> [TASK STATEMENT]: Copy the first line of the entries below and every line after it through the line containing "Appartement*** T2 +". Do not include pictures.

> [RECORD EXCERPTS]:
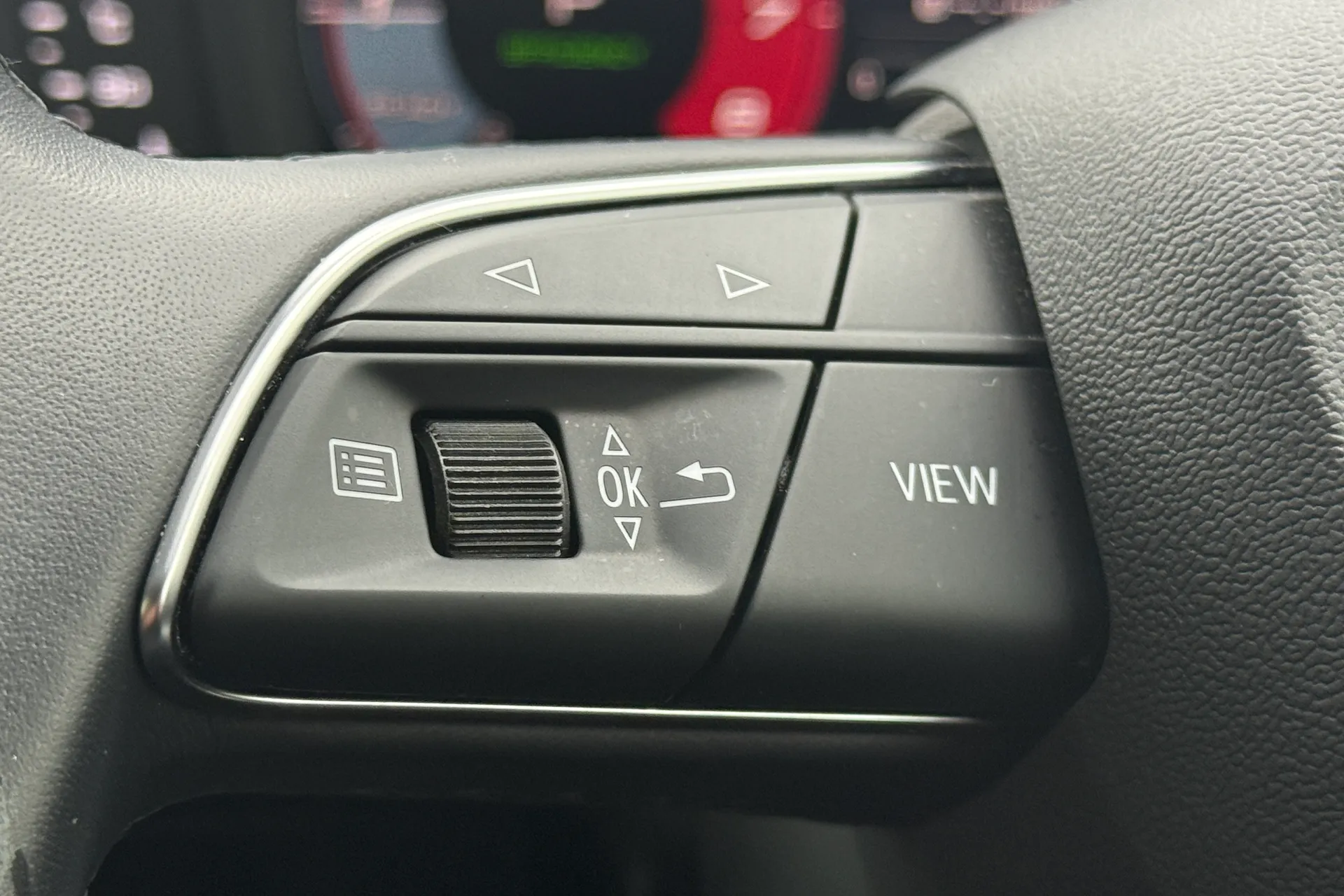 Audi Q3 thumbnail image number 35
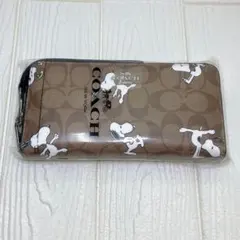 新品 COACH コーチ スヌーピー 長財布 コーチ×ピーナッツ CE705のサムネイル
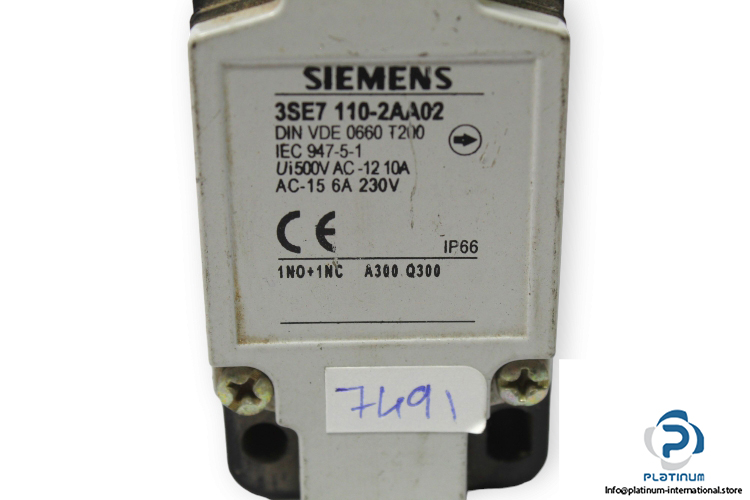 siemens-3SE7-110-2AA02-safety-trip-wire-switch-(used)-1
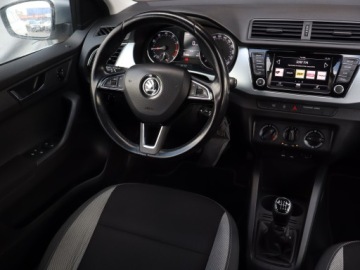 Skoda Fabia III Kombi 1.0 TSI 110KM 2018 Skoda Fabia 1.0 TSI, Salon Polska, Klima, zdjęcie 6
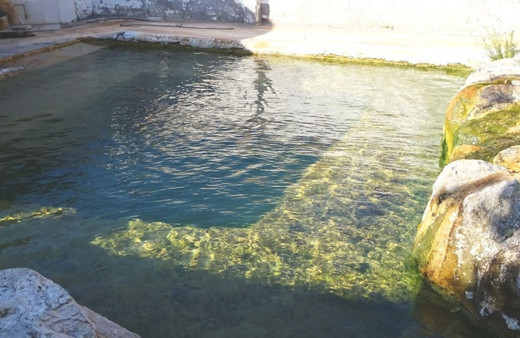 Kütahya'daki tarihi havuz pislikten geçilmiyor! Kont Drakula bile burada şifa bulmuştu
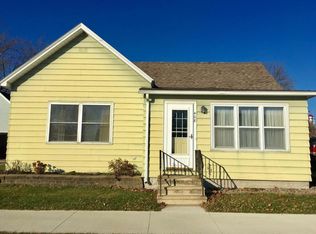 408 W Main St, Adams, MN 55909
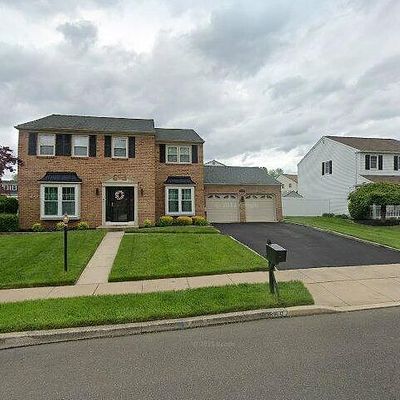 100 Antler Ct, Fairless Hills, PA 19030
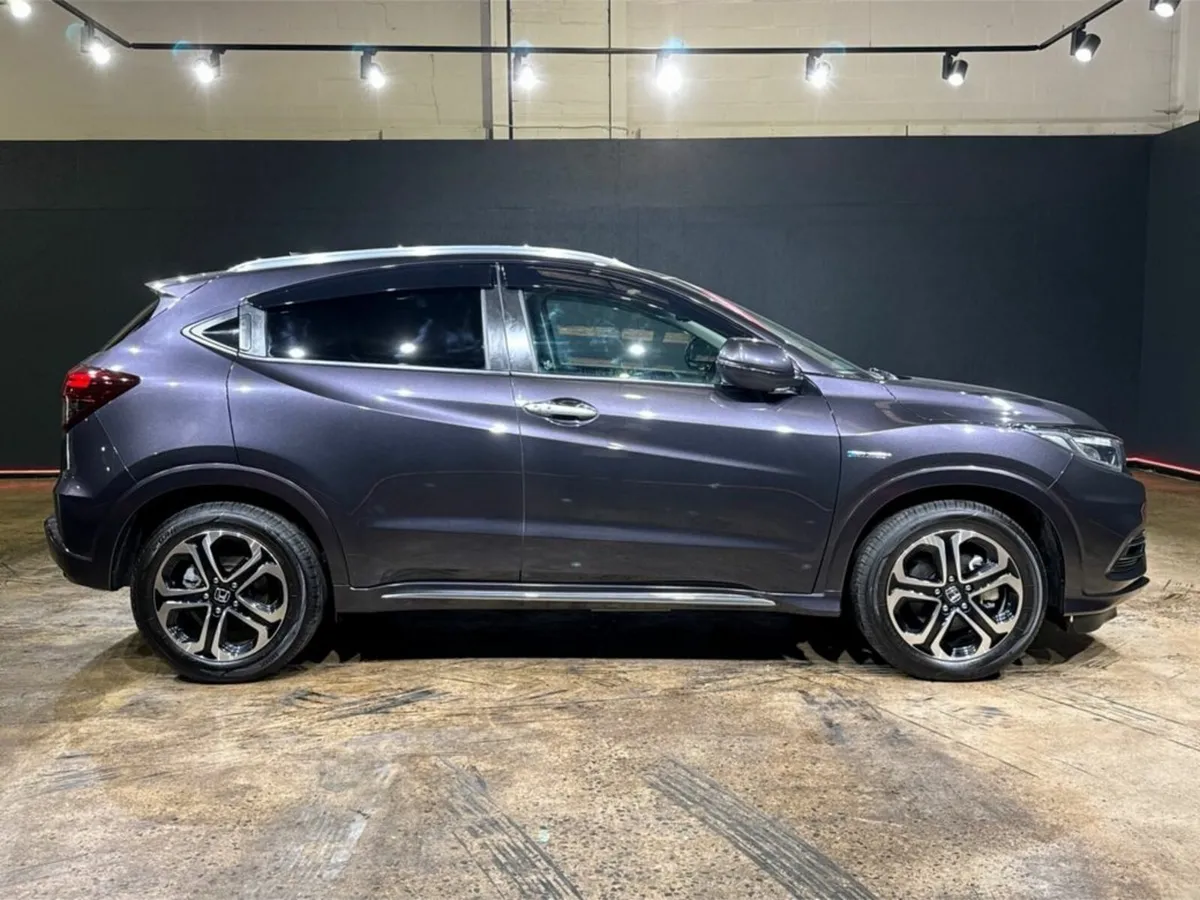 Honda Vezel 1.5 HYBRID AUTOMATIC - HALF LEATHER UP - Image 3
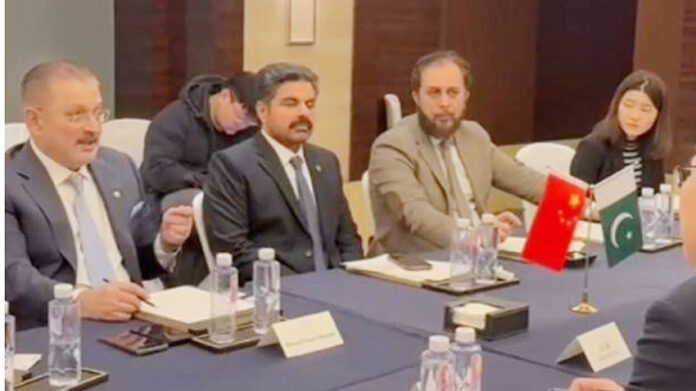 Sharjeel Inam Memon held a meeting with a Chinese electric vehicle bus manufacturer in Beijing. Sharjeel Inam Memon held a meeting with a Chinese electric vehicle bus manufacturer in Beijing.
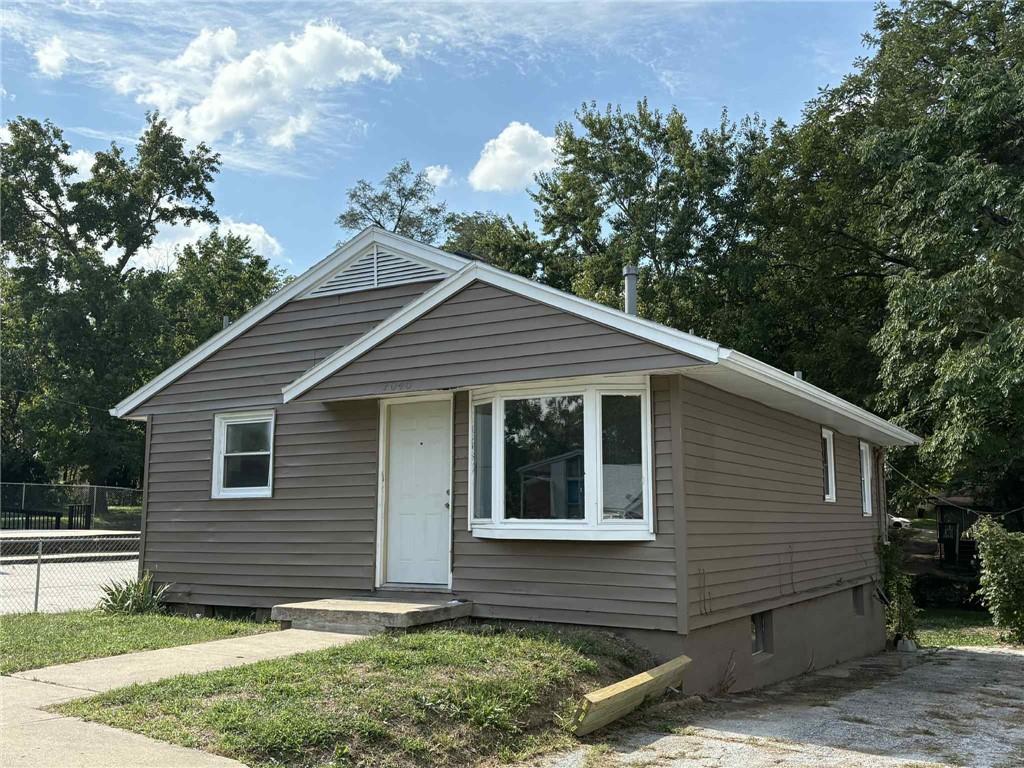Listing Photo MLS #HMS2577386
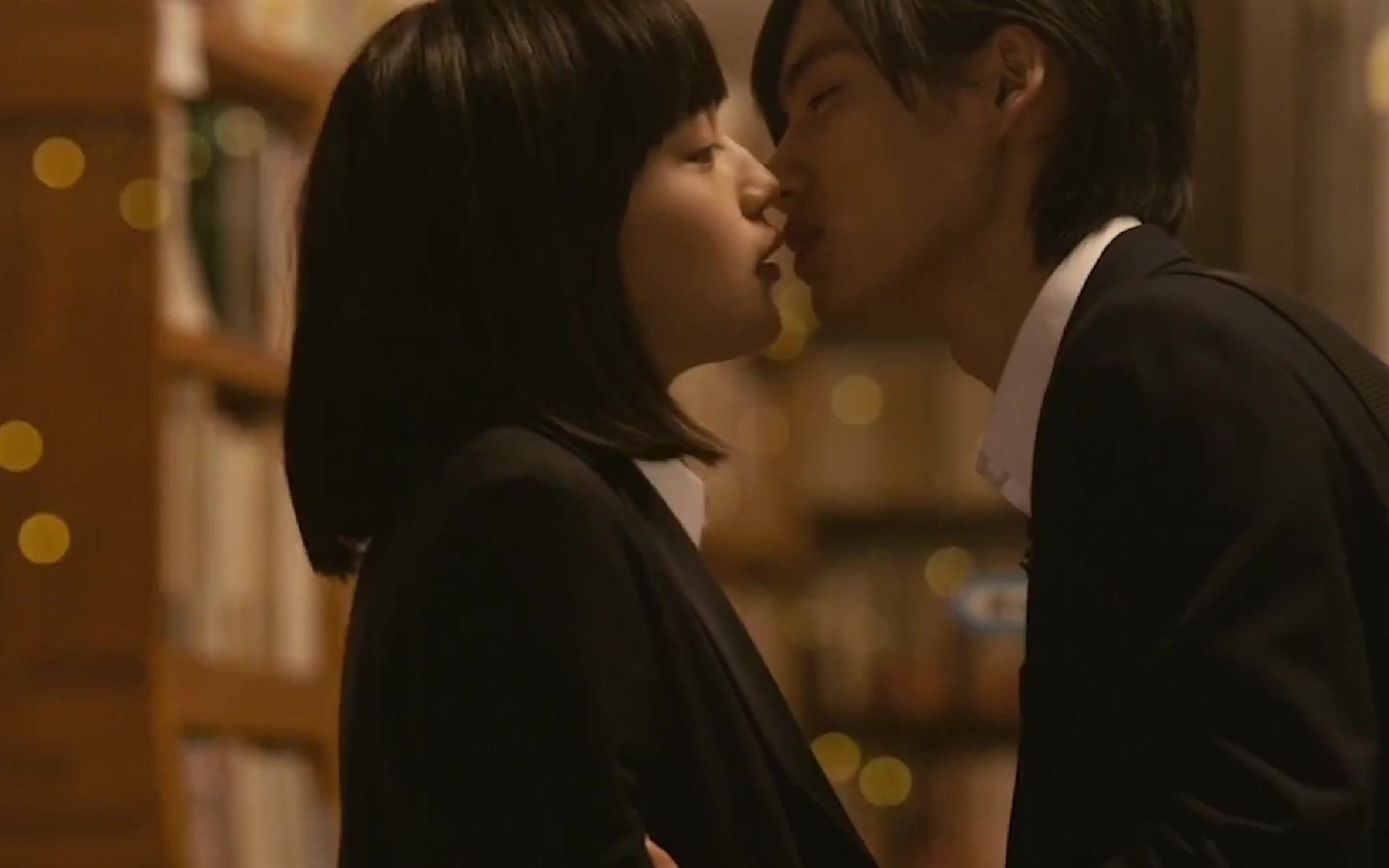 【超过瘾尺度热吻kiss】一吻定情 2 干柴烈火 看到人腿软 啊~好欲 刺激哔哩哔哩bilibili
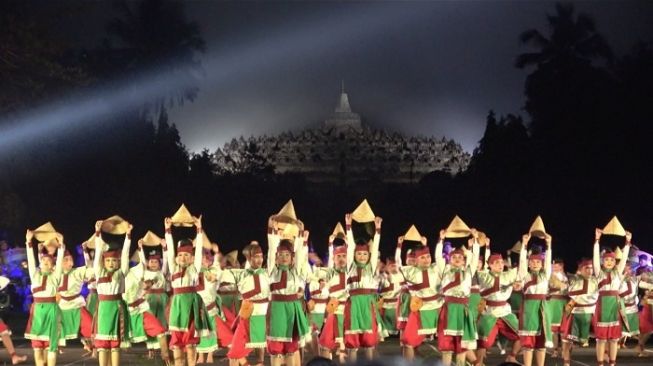 Pentas Kolosal Tari Soledo di Candi Borobudur: Kolaborasi Tari Khas 3 Kabupaten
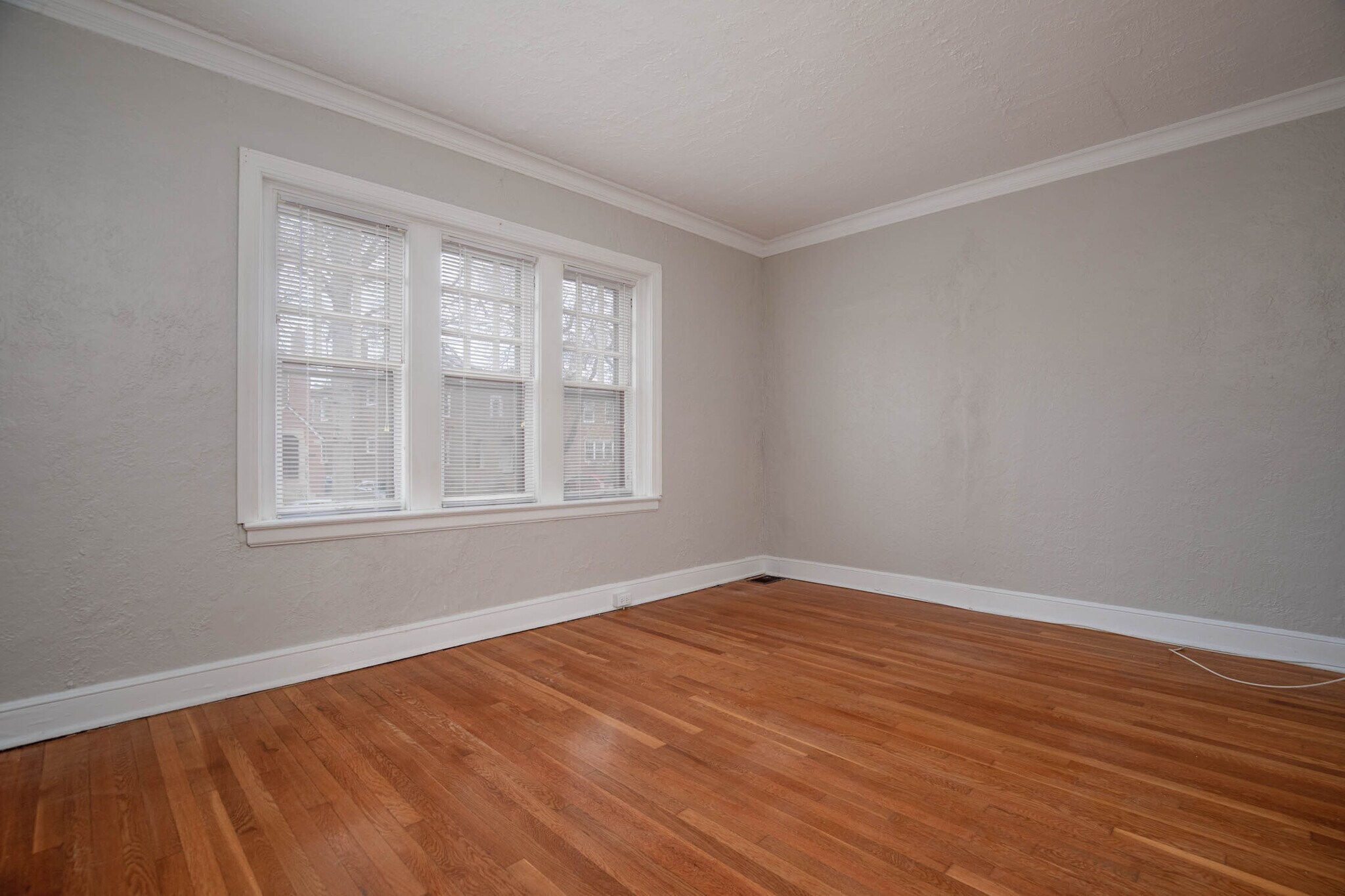 Building Photo - 7234 Amherst Ave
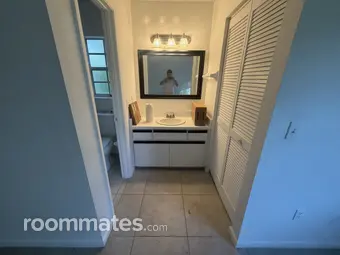 Room for rent in Palm Coast, FL $900, house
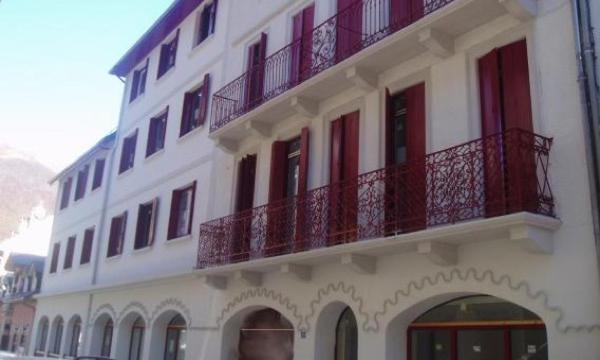 Appartement*** T2 + Cabine Pour 4 Personnes Cauterets Exterior photo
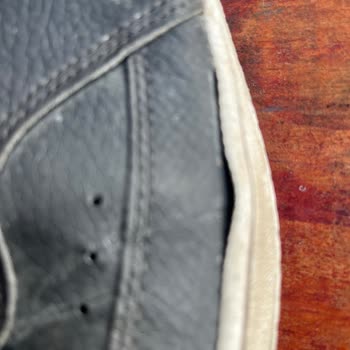 FLO'dan Aldığım Nike Ayakkabısında Açılma, Koku Ve Deformasyon Sorunu İade Talebi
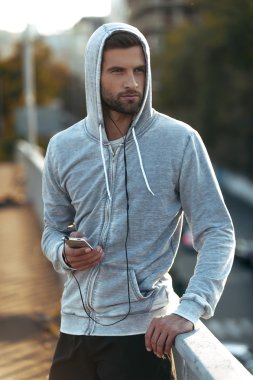 Kendine güvenen genç adam kulaklık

> [EXERCISE ANSWER]:
 Audi Q3 thumbnail image number 35
 新品 COACH コーチ スヌーピー 長財布 コーチ×ピーナッツ CE705のサムネイル
 siemens-3SE7-110-2AA02-safety-trip-wire-switch-(used)-1
 Skoda Fabia III Kombi 1.0 TSI 110KM 2018 Skoda Fabia 1.0 TSI, Salon Polska, Klima, zdjęcie 6
 Kütahya'daki tarihi havuz pislikten geçilmiyor! Kont Drakula bile burada şifa bulmuştu
 408 W Main St, Adams, MN 55909
 100 Antler Ct, Fairless Hills, PA 19030
 Honda Vezel 1.5 HYBRID AUTOMATIC - HALF LEATHER UP - Image 3
 Sharjeel Inam Memon held a meeting with a Chinese electric vehicle bus manufacturer in Beijing. Sharjeel Inam Memon held a meeting with a Chinese electric vehicle bus manufacturer in Beijing.
Listing Photo MLS #HMS2577386
 【超过瘾尺度热吻kiss】一吻定情 2 干柴烈火 看到人腿软 啊~好欲 刺激哔哩哔哩bilibili
 Pentas Kolosal Tari Soledo di Candi Borobudur: Kolaborasi Tari Khas 3 Kabupaten
 Building Photo - 7234 Amherst Ave
 Room for rent in Palm Coast, FL $900, house
 Appartement*** T2 + Cabine Pour 4 Personnes Cauterets Exterior photo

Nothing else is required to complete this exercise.